EXERCISE DATA ::
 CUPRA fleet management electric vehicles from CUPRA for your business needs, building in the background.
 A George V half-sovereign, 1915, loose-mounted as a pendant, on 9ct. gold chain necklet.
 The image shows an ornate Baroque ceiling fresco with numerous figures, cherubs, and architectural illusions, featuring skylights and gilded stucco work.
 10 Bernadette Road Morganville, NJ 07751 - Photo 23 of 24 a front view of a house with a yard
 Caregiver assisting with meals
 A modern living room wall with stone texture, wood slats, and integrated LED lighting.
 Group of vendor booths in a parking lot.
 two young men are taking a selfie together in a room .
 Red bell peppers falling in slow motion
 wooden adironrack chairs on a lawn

--

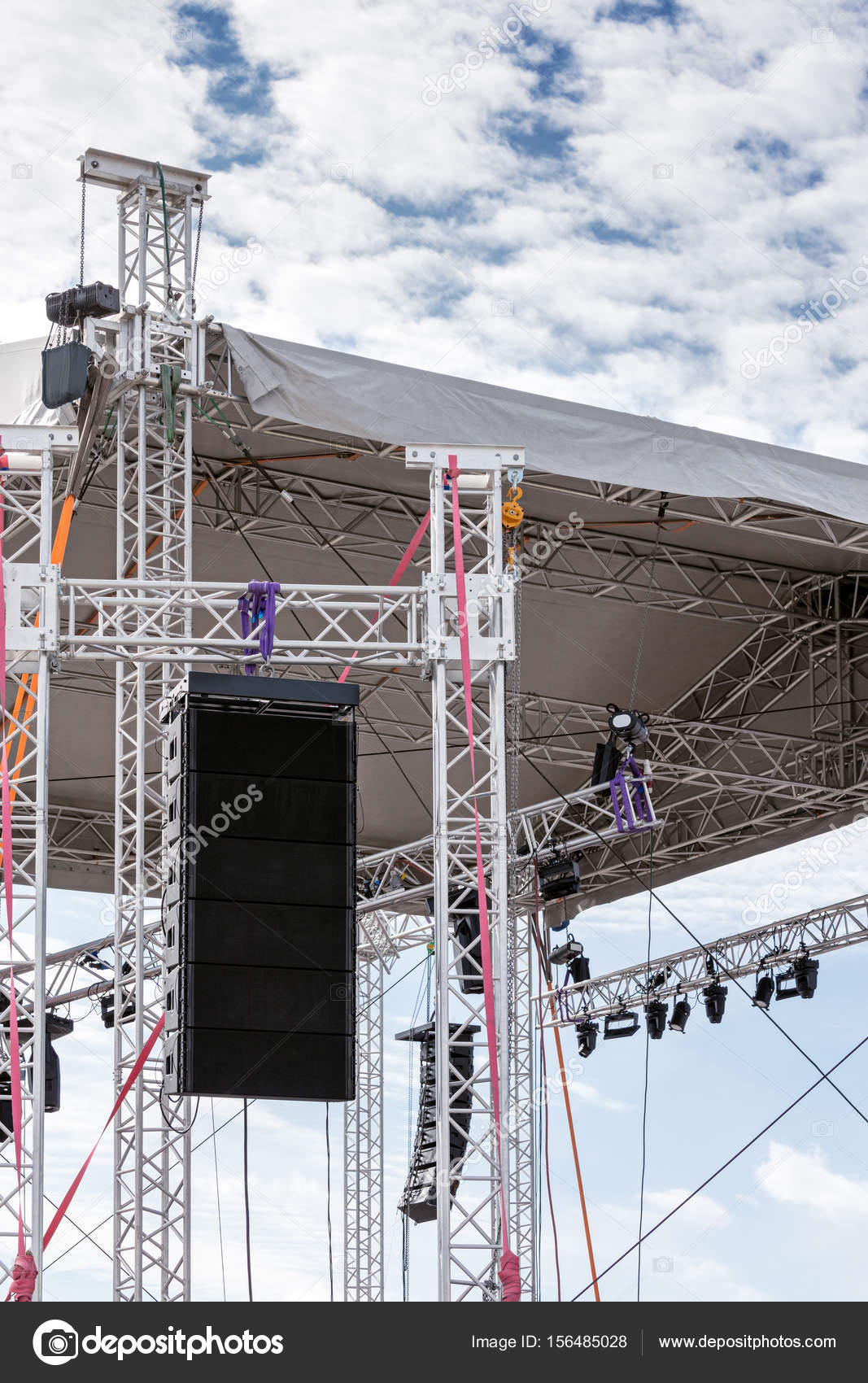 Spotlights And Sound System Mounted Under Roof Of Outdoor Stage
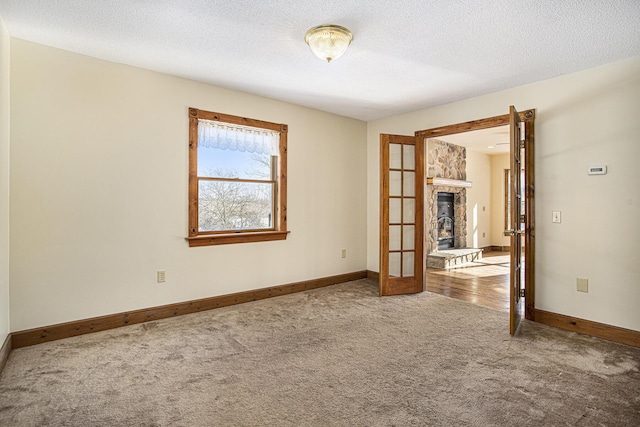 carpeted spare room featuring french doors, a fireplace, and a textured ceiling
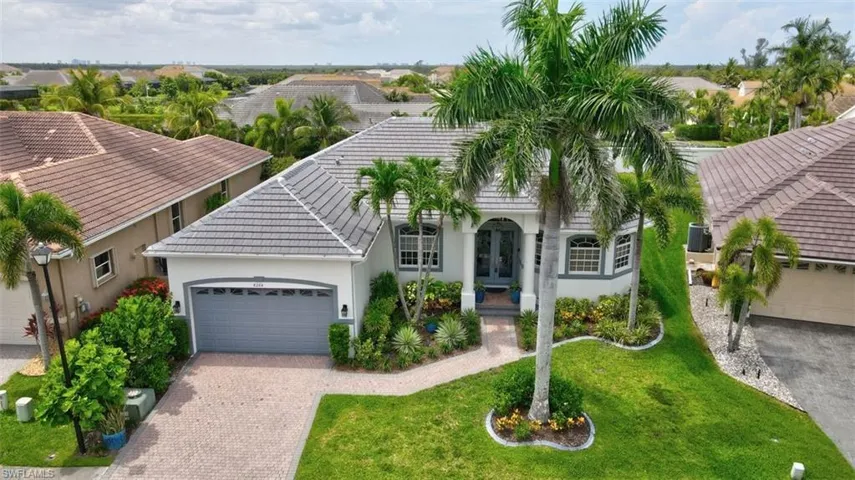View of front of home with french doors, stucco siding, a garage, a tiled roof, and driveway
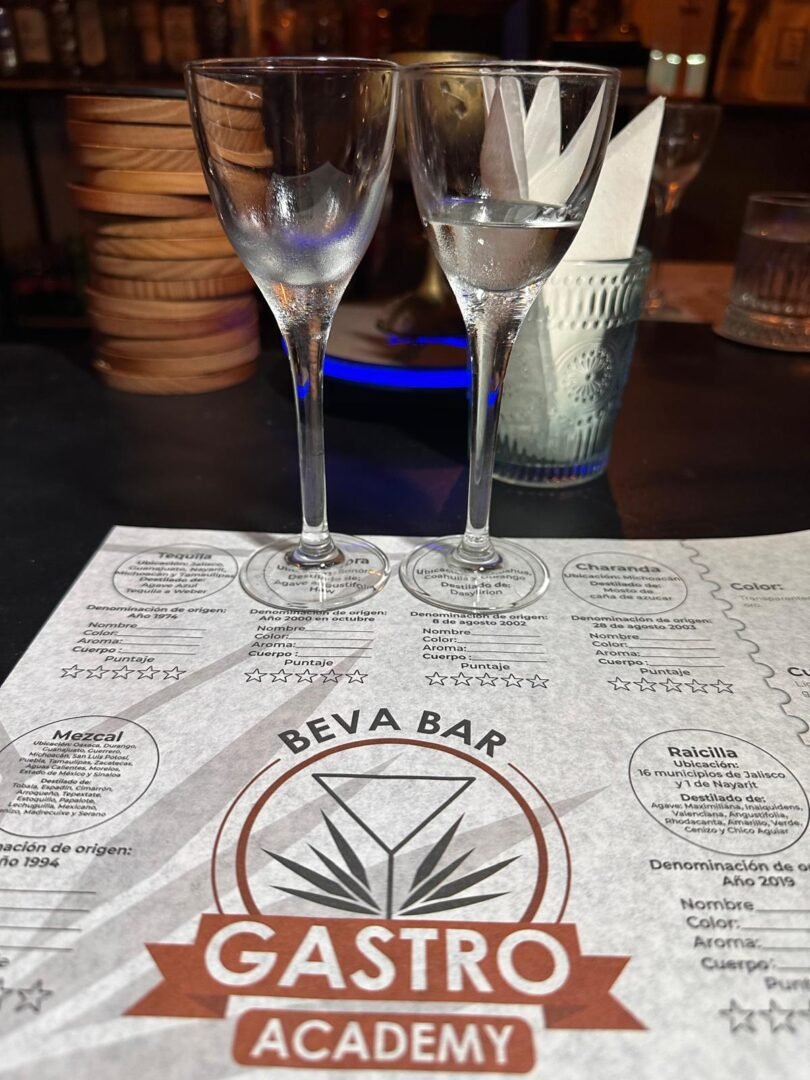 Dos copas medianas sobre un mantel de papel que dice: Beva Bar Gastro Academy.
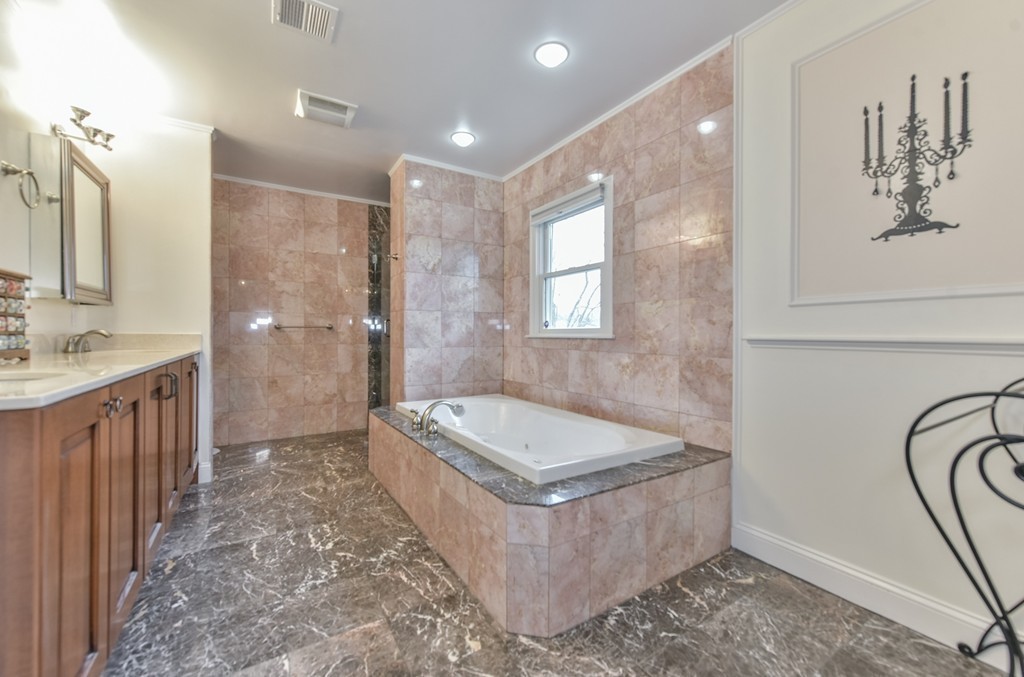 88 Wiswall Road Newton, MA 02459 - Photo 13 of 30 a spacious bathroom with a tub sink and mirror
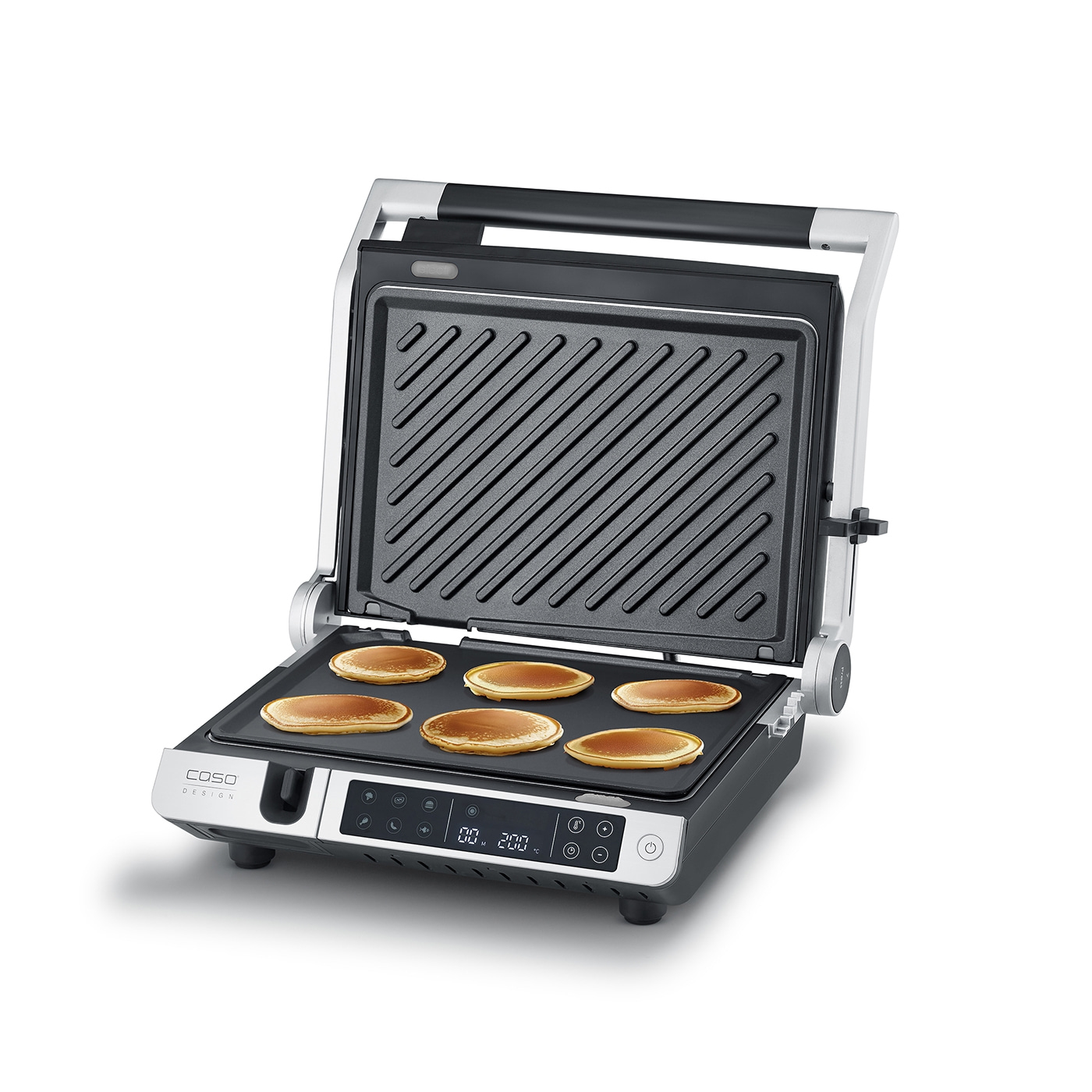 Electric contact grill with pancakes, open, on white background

WHAT YOU ARE ASKED TO DO ::
Would you retype exactly the lines above, from the line with "two young men" to the line with "wooden adironrack chairs on a lawn", with both end lines kept and nothing more?

WRITTEN SOLUTION ::
 two young men are taking a selfie together in a room .
 Red bell peppers falling in slow motion
 wooden adironrack chairs on a lawn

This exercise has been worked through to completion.